Pagelaran persembahan Teater Koma ke-146 kembali melakoni kisah “Opera Kecoa”, yang pertama kali ditampilkan pada 1985. Pementasan potret masa lalu untuk masa kini ini diselengarakan mulai 10-20 November 2016. Setelah 31 tahun, ternyata lakon ini masih bisa menjadi potret keadaan masa kini. Cerita tersebut diangkat kembali untuk memberitahu kepada masyarakat Indonesia agar dapat mengambil pesan moral yang berusaha disampaikan dalam lakon ini.
Penulis naskah dan sutradara Teater Koma Nano Riantiarno sebelumnya mengungkapkan pertunjukan ini sarat akan makna dan dikemas dalam bentuk nyanyian dan gerak khas Teater Koma.
Opera Kecoa berkisah tentang orang-orang kecil yang menghadapi kenyataan keras. Perjuangan seorang bandit kelas teri, Roima, yang sedang berada di persimpangan jalan. Dia tertarik kepada Tuminah, seorang pekerja seks komersial, meski sudah punya pacar, Julini si waria. Ketiga orang ini dan tokoh-tokoh lainnya melakoni perjuangan hidup yang hanya punya dua resiko jadi ada atau tersingkir.
Dalam cerita terlihat para kecoa itu jarang dihinggapi nasib baik. Tempat mereka seperti sudah digariskan: gorong-gorong, di dalam got, di kolong jembatan, di kawasan kumuh yang jorok, yang gelap dan berbau busuk. Uniknya, ketika ada kawasan tempat tinggal orang-orang kecil dimakan api, selalu timbul dua pertanyaan, terbakar? atau dibakar? tak ada yang bisa menjawab. Semua gelap. Seperti masa depan mereka.

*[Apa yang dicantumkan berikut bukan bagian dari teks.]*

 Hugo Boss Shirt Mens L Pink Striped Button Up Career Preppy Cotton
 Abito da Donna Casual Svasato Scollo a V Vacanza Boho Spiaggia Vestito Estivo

Lakon yang memukau pun tidak terelakkan, khususnya pemeran Julini yang memecah suasana semakin membaur di malam hari. Begitu juga lako seksi Tuminah pun benar-benar memperlihatkan kepribadian cabo. Seluruh pemain pun membuktikan konsistensi mereka dengan hasil yang tentu bisa menginspirasi para seniman muda Indonesia untuk senantiasa berkarya dan berkreasi.
Perlu diketahui, pada 1990, lakon ini dilarang pentas di Gedung Kesenian Jakarta dan tidak diberi izin pentas keliling ke Jepang. Kemudian pada 1992, dipentaskan dengan judul “Cockroach Opera” oleh Belvoir Theatre di Sydney, Australia. Akhirnya, lakon ini dipentaskan lagi di Gedung Kesenian Jakarta pada 2003, 13 tahun setelah pelarangan. Kini, Teater Koma memanggungkan lagi lakon ini di tempat lakon ini pertama kali dipentaskan.
Opera Kecoak, produksi ke-146 Teater Koma yang akan digelar 11 hari mulai 10-20 November 2016 pukul 19.30 WIB, kecuali Minggu pukul 13.30. Tiket bisa diperoleh di www.teaterkoma.org dan www.blibli.com dengan harga Rp100.000 - Rp300.000 (weekday) dan Rp150.000 - Rp400.000 (weekend). Khusus untuk Senin akan ada nonton hemat hingga 20%.